The term Scottish Borders is also used to designate the areas of southern Scotland and northern England that bound the Anglo-Scottish border.
The Borders boasts four magnificent ruined Medieval abbeys which date back to the 12th century: Jedburgh, Melrose, Kelso, and Dryburgh.
The Scottish Borders is one of 32 council areas of Scotland. It borders the City of Edinburgh, Dumfries and Galloway, East Lothian, Midlothian, South Lanarkshire, West Lothian, and, to the south-west, south, and east, the English counties of Cumbria and Northumberland.
The famous Rugby Sevens game was invented in the Borders town of Melrose in the 1880s.
The largest towns near the borders of the Anglo-Scottish border: Galashiels, Hawick, Peebles, Selkirk & Kelso.
The term Borders also has a wider meaning, referring to all of the counties adjoining the English border, also including Dumfriesshire and Kirkcudbrightshire – as well as Northumberland, Cumberland and Westmorland in England.
Every year the region plays host to the world’s oldest and largest equestrian festival: The Common Ridings.

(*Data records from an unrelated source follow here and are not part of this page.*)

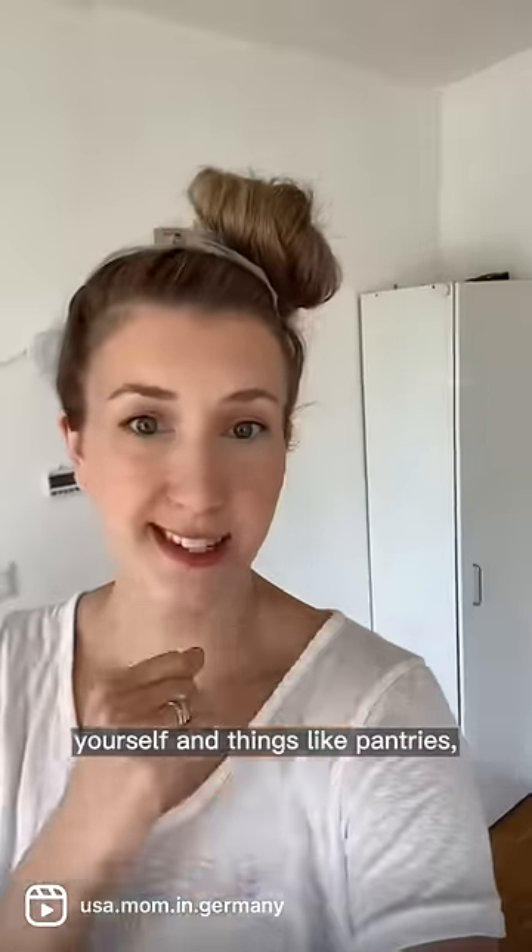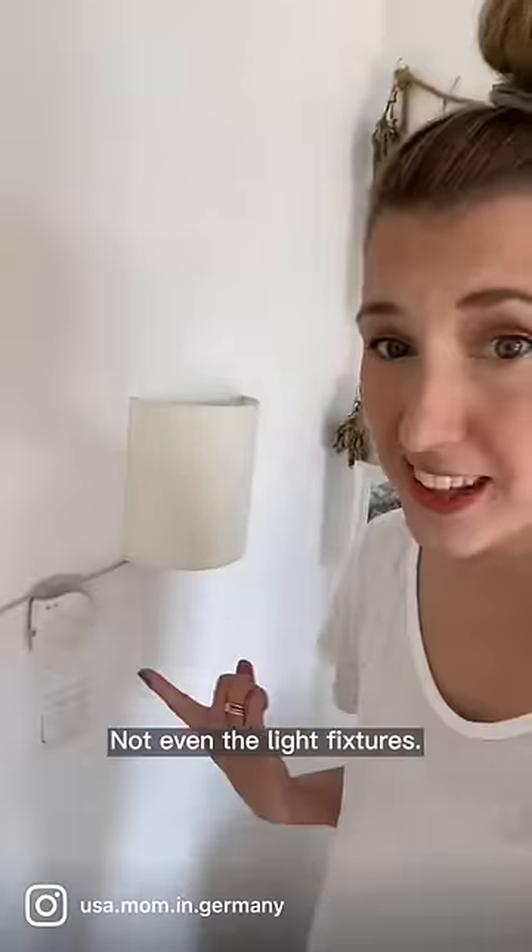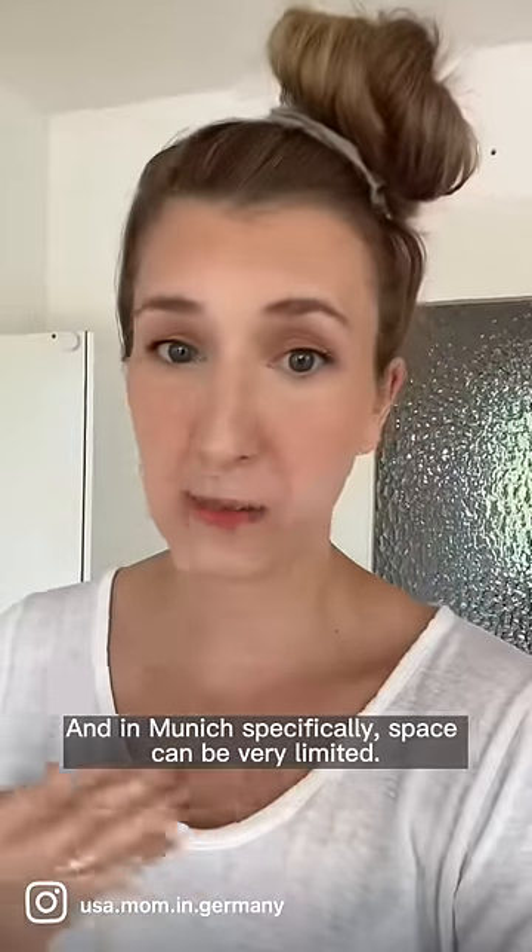Things like pantries, linen closets, and wardrobes — in Germany, none of that was there, not even the light fixtures. And in Munich specifically, space can be very limited.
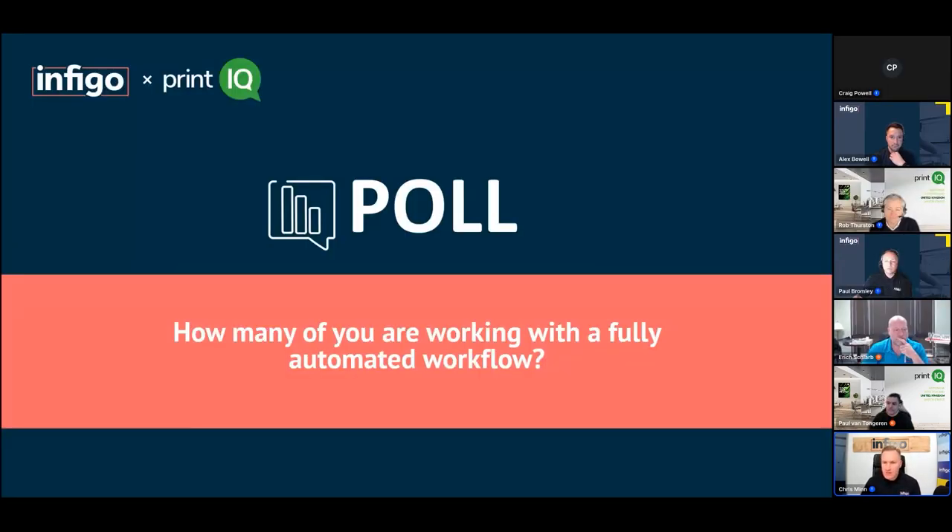Our final poll: how many of you are working with a fully automated workflow like Eric? 54% have a workflow that's somewhat automated but have gaps — there's always room for improvement. 30% have a workflow that's not automated but are interested in starting — there are plenty of people on this session to help you with that. 4% have a workflow that's not automated and aren't sure they'll make a change — but listening to what Eric just said, it's definitely worth the investment.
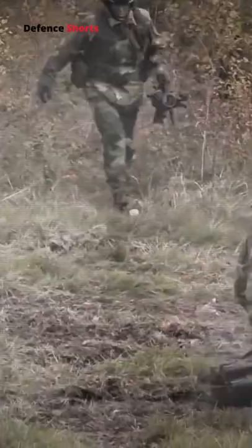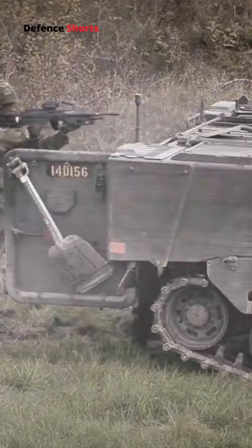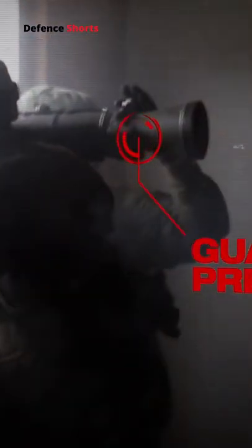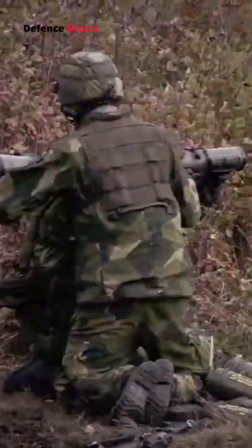The AT4 weighs 8kg. The effective firing range for a point target is 300m and for an area target is 500m. It can fire a wide range of ammunition including high-explosive anti-tank and dual-purpose rounds, and anti-structure tandem warheads.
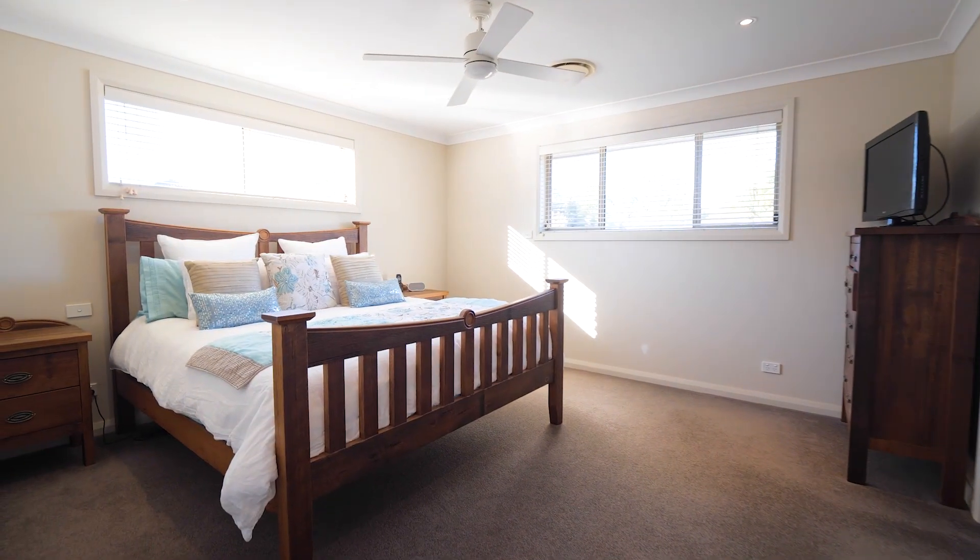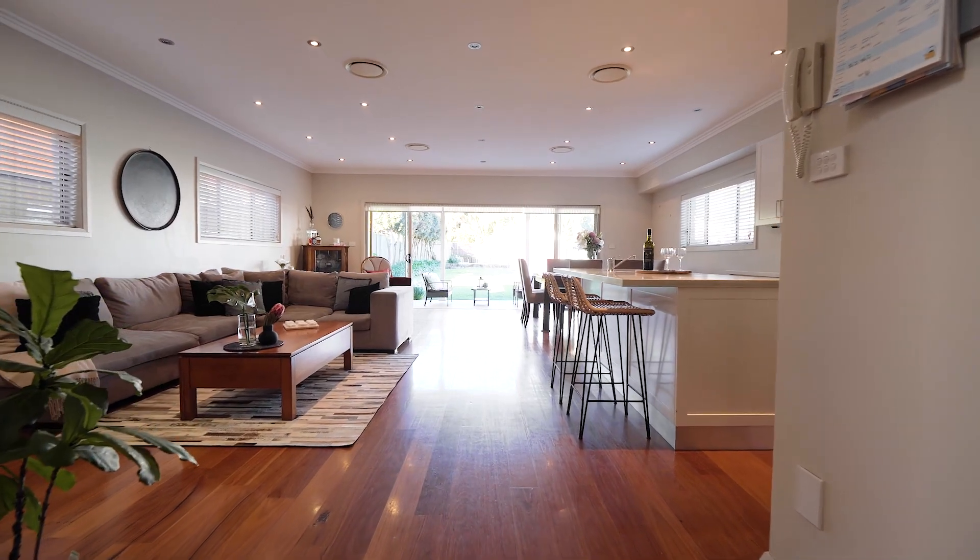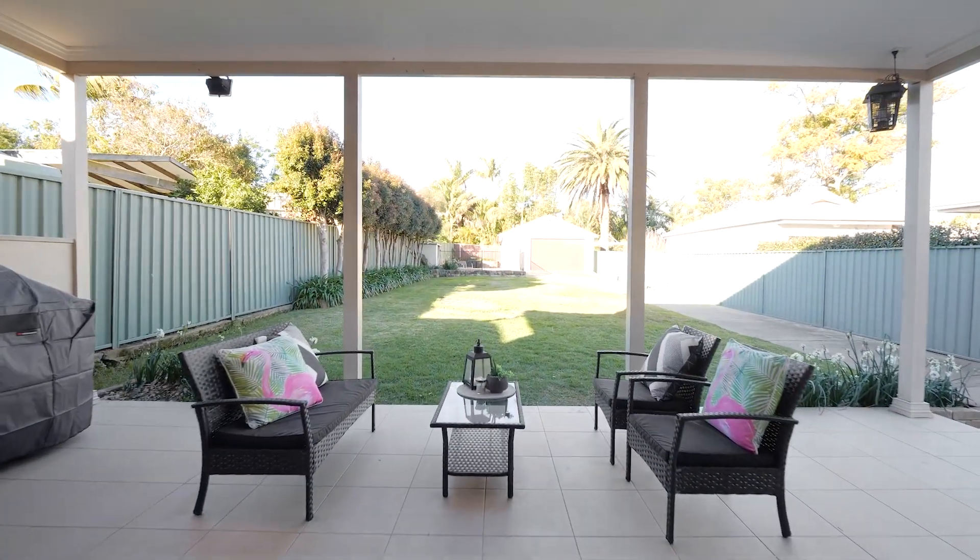The master bedroom comes complete with an ensuite, and downstairs there are three separate living areas, plus an adjoining alfresco area overlooking the terrific flat backyard.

The Scottish Borders also have some fabulous Roman remains which date back to their failed attempt to conquer Scotland.
The region also has no commercial airports; the nearest is Edinburgh, Scotland, and Newcastle, England both of which are international airports.
The Siege of Roxburgh Castle, in 1313, was the first major conflict in the First War of Scottish Independence.